[Start of section]

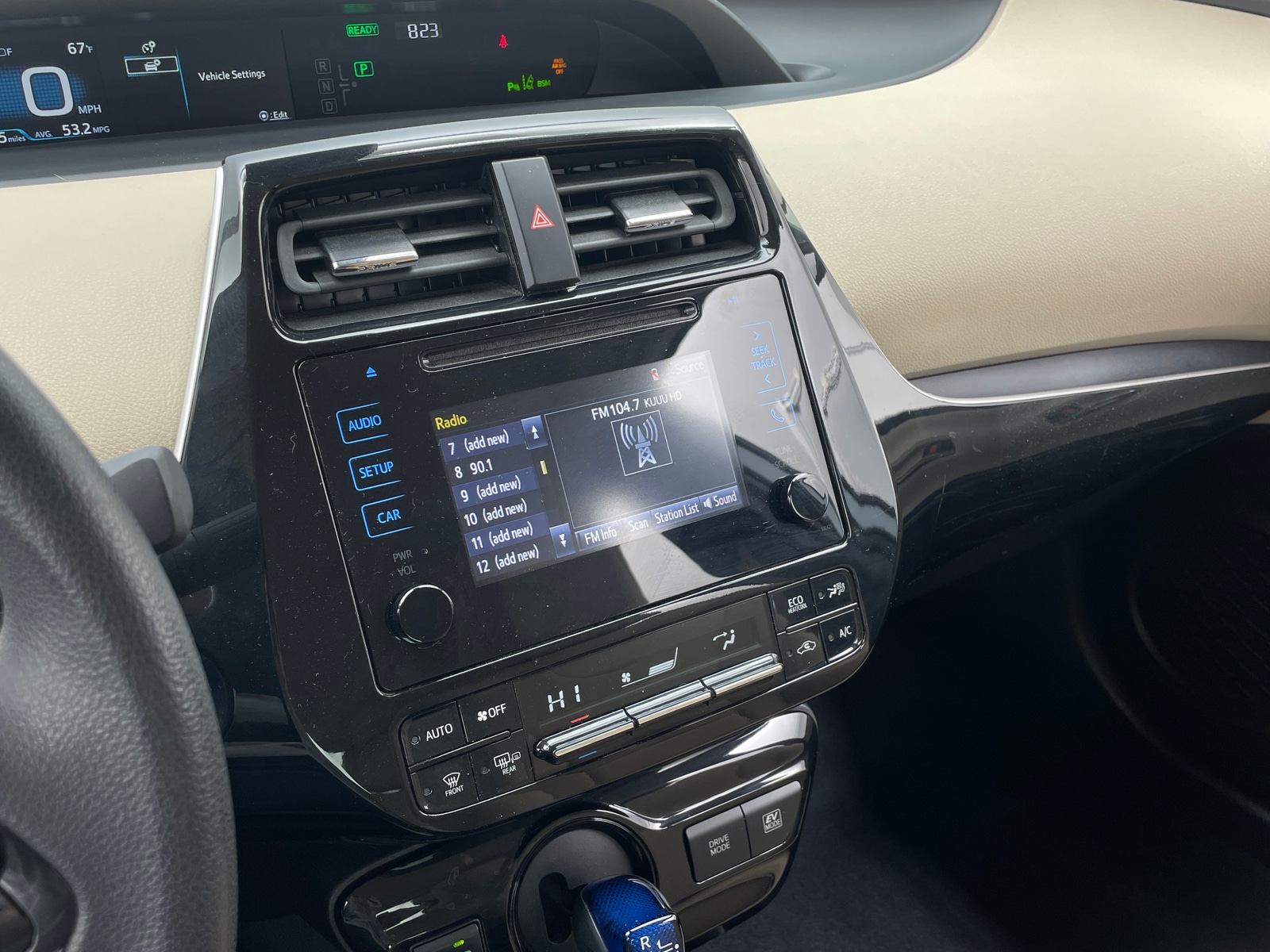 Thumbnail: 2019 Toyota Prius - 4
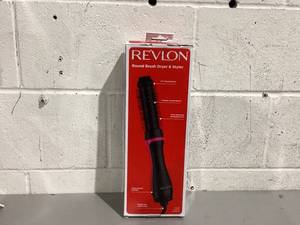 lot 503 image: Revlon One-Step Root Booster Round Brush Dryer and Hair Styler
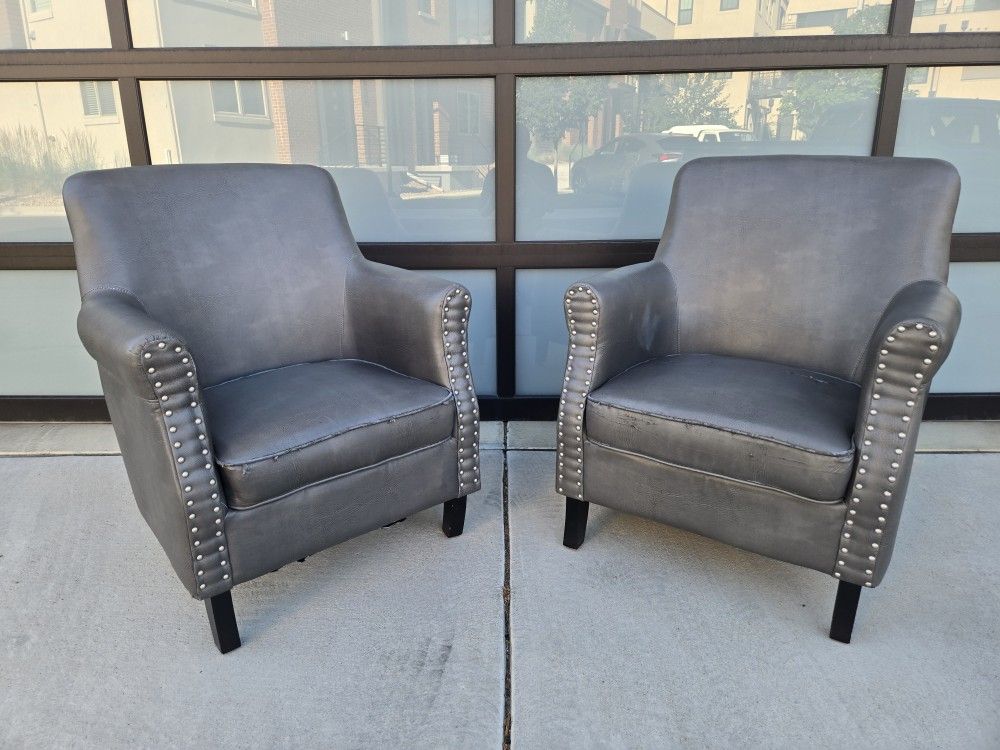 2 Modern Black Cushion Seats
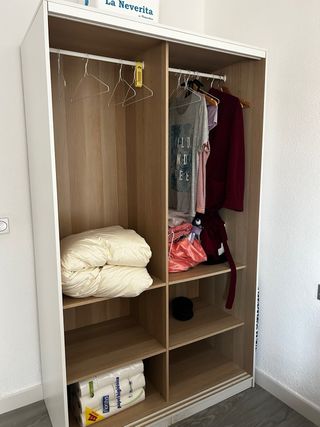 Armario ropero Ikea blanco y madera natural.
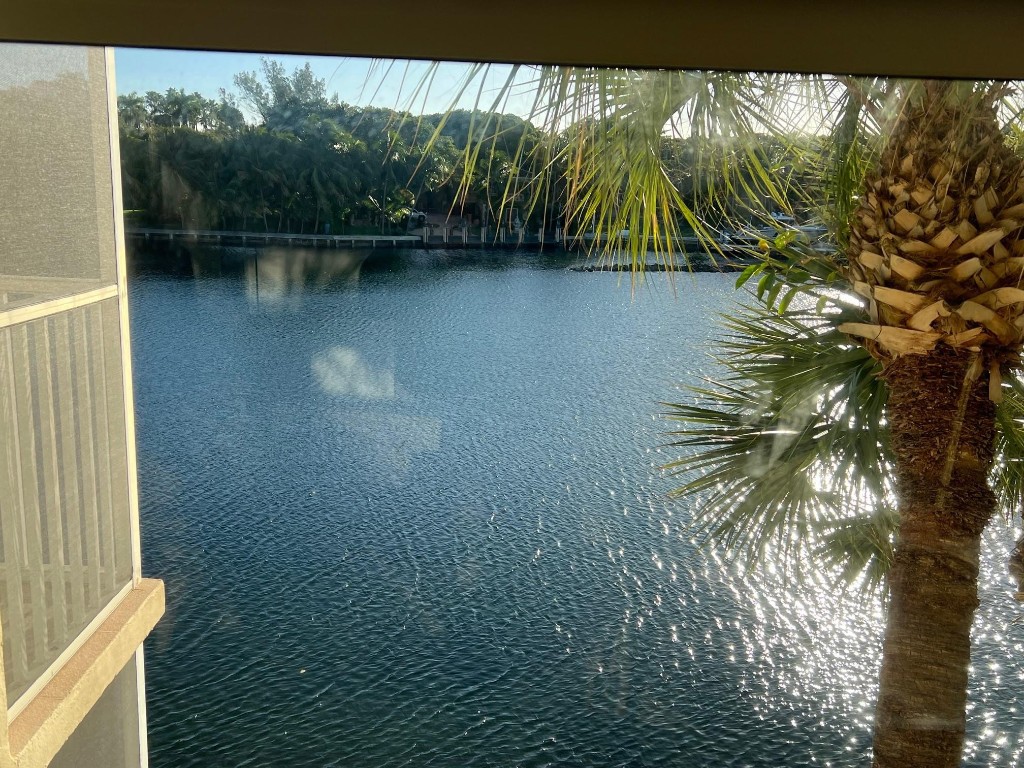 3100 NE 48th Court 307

[End of section]

Task description: Leaving every picture out, return the lines from the one containing "lot 503 image: Revlon" through the last line of the records exactly.

Result of the exercise:
 lot 503 image: Revlon One-Step Root Booster Round Brush Dryer and Hair Styler
 2 Modern Black Cushion Seats
 Armario ropero Ikea blanco y madera natural.
 3100 NE 48th Court 307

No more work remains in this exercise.